JY: so that scene -- i was an MFA candidate, it was 2004, and, at the time, my parents were getting older and heading toward retirement. you know, my parents are fantastic and they're loving people, but i was thinking [...] [about how you can love someone, but it can be inconveniencing].
that was sort of the beginning, then i put it away in a drawer, then, in 2007, there was this high-profile home invasion in cheshire, connecticut. [two men broke into a home of a family of four; the mother and two daughters were brutally raped and murdered, while the father survived.]* i became really obsessed with that case, but i didn't understand how this man was ever going to have a life. i didn't know how this man was going to recover knowing that his loved ones had all died in fear.
that particular crime that happened in real life was the connecting thing between the scene in the field and everything else.
* wiki page here
AC: the parents are also remarkable characters, and i think that was part of what moved me about the novel, this sense that i was reading characters i'd never really seen in a novel. and, to some extent, that includes your portrayal of kyung. it's hard for someone like to understand that there is a great deal of love in all of the demands placed on him, and yet that's also part of the heartbreak. so this is a kind of crisis in which crisis happens -- this gap. what were the biggest challenges in structuring that?
JY: i think, in not making it overly sentimental. i wanted kyung to be kind of unlikable from the start but also for readers to understand him. there are times my husband would be like "he's so frustrating," and i was like, "good!" i wanted to capture some of the tension and expectation of someone who came to the country with his parents and has felt the weight of having to do just as well or better than his parents did.
JY: i tried to avoid delving into too much sentimentality but tried to subvert expectations and to avoid stereotypes and make him more three-dimensional.

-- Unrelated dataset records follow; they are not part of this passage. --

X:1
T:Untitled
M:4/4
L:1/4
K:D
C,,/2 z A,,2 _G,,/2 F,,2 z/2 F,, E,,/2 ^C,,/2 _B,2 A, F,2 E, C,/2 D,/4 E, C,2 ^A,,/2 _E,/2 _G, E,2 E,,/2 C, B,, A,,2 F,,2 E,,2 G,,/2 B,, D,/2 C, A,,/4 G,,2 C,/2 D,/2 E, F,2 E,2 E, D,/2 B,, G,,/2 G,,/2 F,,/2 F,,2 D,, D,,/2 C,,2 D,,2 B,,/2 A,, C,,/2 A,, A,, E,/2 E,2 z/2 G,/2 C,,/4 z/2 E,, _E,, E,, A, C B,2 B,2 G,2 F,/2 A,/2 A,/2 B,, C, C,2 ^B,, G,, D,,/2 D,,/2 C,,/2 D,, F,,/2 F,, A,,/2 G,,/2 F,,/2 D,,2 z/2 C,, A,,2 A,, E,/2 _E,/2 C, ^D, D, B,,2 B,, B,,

AC: how much did you research the family and kyung? maybe the expectation would be that you're korean so you wouldn't have to, which is ridiculous.
JY: i did a lot of research into domestic violence in immigrant communities.
AC: what surprised you in what you learned?
JY: i don't speak korean very well myself, and one of the most messed up things i learned was about the korean language. in english, you can say, "you hurt me," but you can't say that directly in korean. but you can say, "it hurts."*
* i had to sit and puzzle over this for a good five minutes there. it's kinda blowing my mind ... but not. sounds very korean.
audience Q&A
Q: did you purposely want to write about korean-americans?
JY: i write a mix of characters, but i did want this character to be korean-american, and i wanted him to be married to someone who wasn't korean-american because i wanted that question.
JY: when i was doing press, i'd get the question, "are these people based on real life?" a lot.
AC: the most boring question.
JY: taking care of parents -- taking care of lousy parents -- that's not a korean-american problem; that's a universal problem. struggling with money, having financial problems -- that's a universal problem, too.
JY: [explained how she gets up at 4:30 in the morning to write before work because she realized that, after the work day, she has no wherewithal to write. writing is the most important thing to her, though, so she'd start getting up at 6, then 5:30, now 4:30 to write, and now she wakes up without an alarm.]
JY: when i don't write, i'm terrible. it's better for everyone if i start my day doing the thing that's most important to me.
JY: there's a whole lot in my life that i can't control. i can control what's on the page, and that's about it.
AC: i think the thing that's so frustrating about the autobiographical question is that you put all this energy into creating something and the thing people want to talk about is the thing you didn't write about.